Given data:
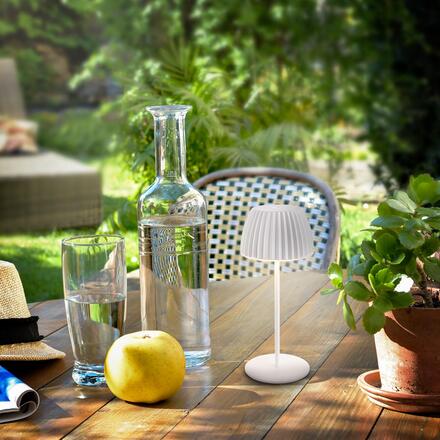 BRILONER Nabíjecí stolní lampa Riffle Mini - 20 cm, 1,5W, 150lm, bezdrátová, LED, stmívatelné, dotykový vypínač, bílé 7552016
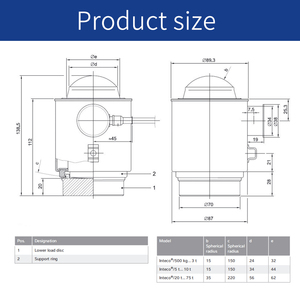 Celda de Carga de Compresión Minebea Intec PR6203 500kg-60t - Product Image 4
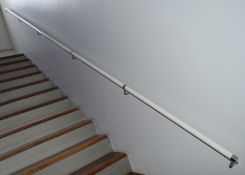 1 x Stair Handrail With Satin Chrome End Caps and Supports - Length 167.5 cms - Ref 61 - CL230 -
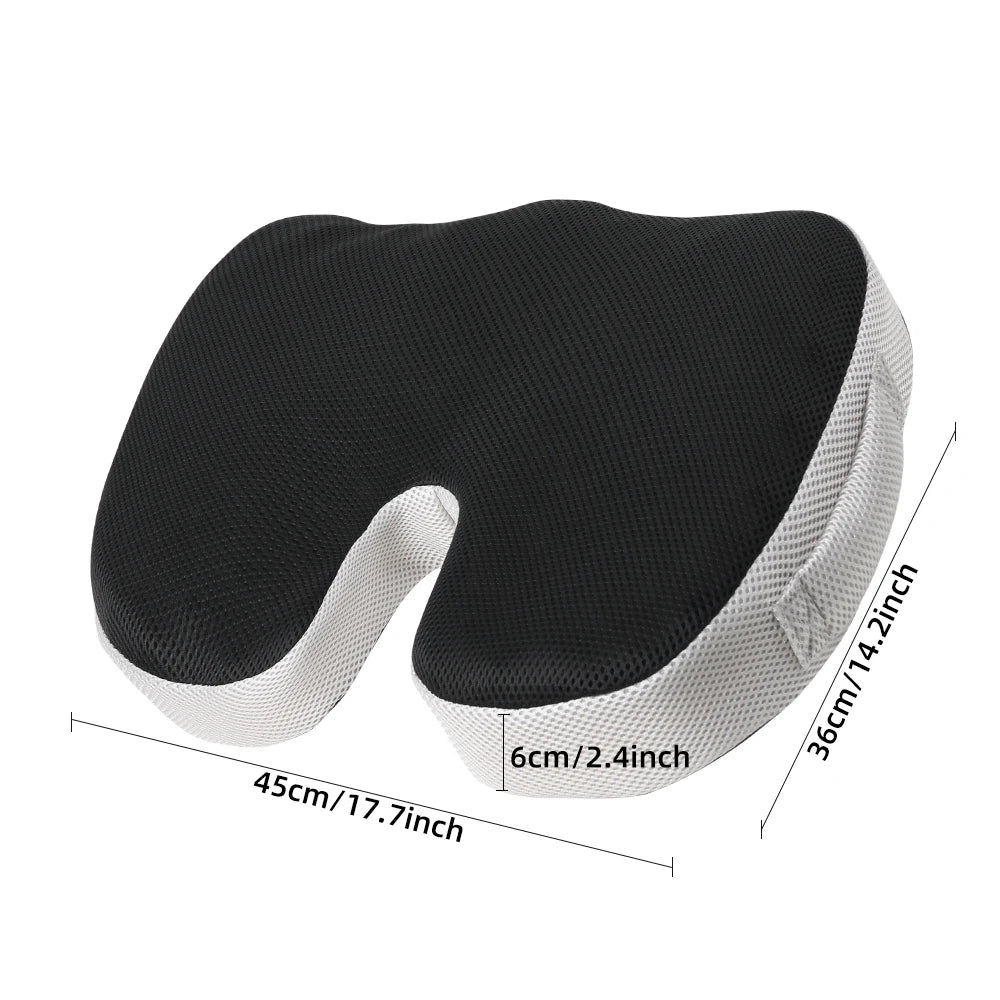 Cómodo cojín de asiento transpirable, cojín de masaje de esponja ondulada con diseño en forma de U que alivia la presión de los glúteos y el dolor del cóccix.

Exercise:
Repeat the lines above exactly, and keep every picture out.

Written solution:
 BRILONER Nabíjecí stolní lampa Riffle Mini - 20 cm, 1,5W, 150lm, bezdrátová, LED, stmívatelné, dotykový vypínač, bílé 7552016
 Celda de Carga de Compresión Minebea Intec PR6203 500kg-60t - Product Image 4
 1 x Stair Handrail With Satin Chrome End Caps and Supports - Length 167.5 cms - Ref 61 - CL230 -
 Cómodo cojín de asiento transpirable, cojín de masaje de esponja ondulada con diseño en forma de U que alivia la presión de los glúteos y el dolor del cóccix.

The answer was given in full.